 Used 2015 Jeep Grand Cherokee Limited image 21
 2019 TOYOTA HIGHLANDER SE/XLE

________________________________________

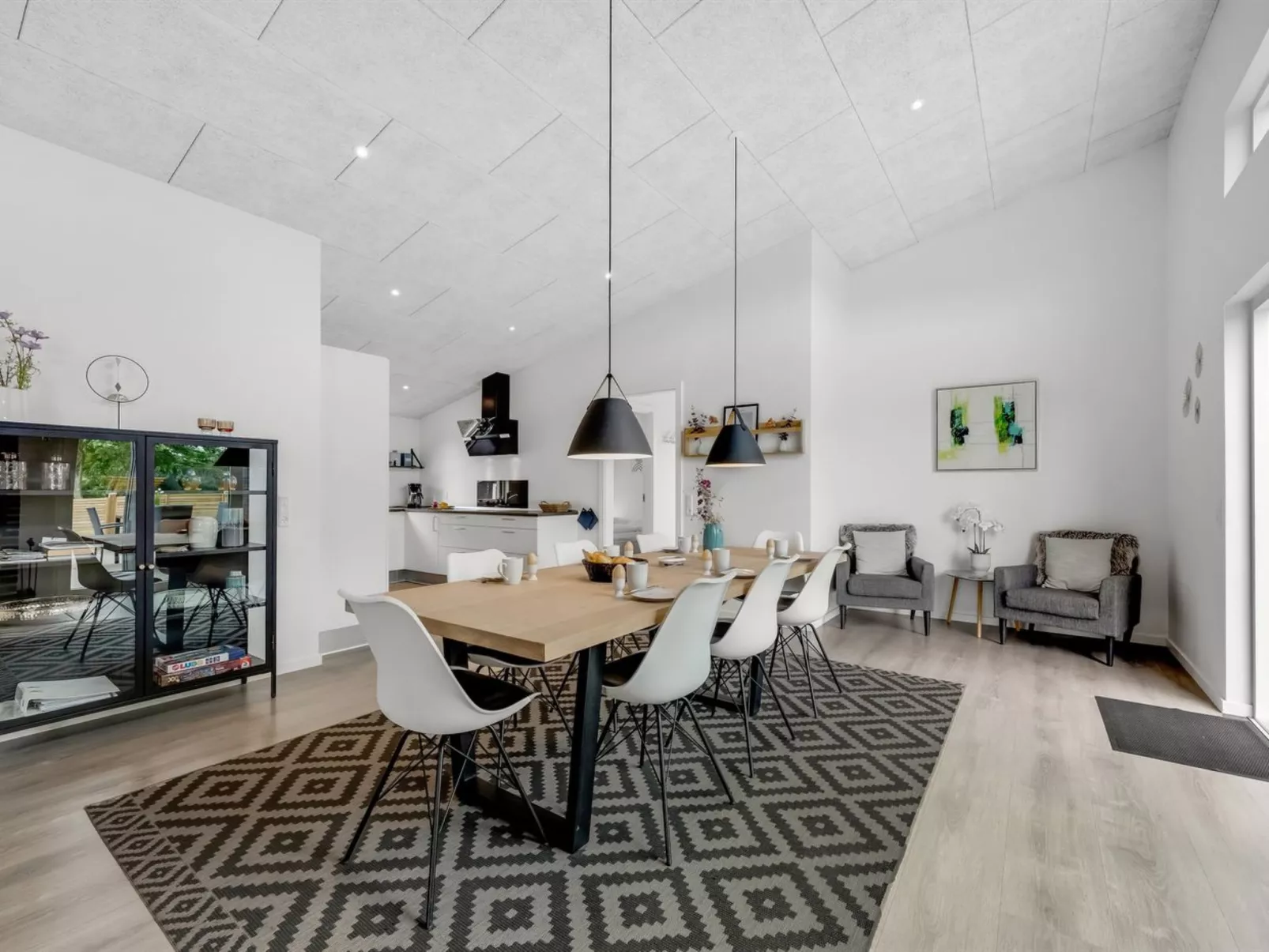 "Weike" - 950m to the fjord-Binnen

________________________________________

WHAT IS NEEDED =>
From the entries above, return exactly the line containing "Used 2015 Jeep", the line containing "2019 TOYOTA HIGHLANDER SE/XLE", and all lines between, and nothing else.

SOLUTION FOR THIS TASK =>
 Used 2015 Jeep Grand Cherokee Limited image 21
 2019 TOYOTA HIGHLANDER SE/XLE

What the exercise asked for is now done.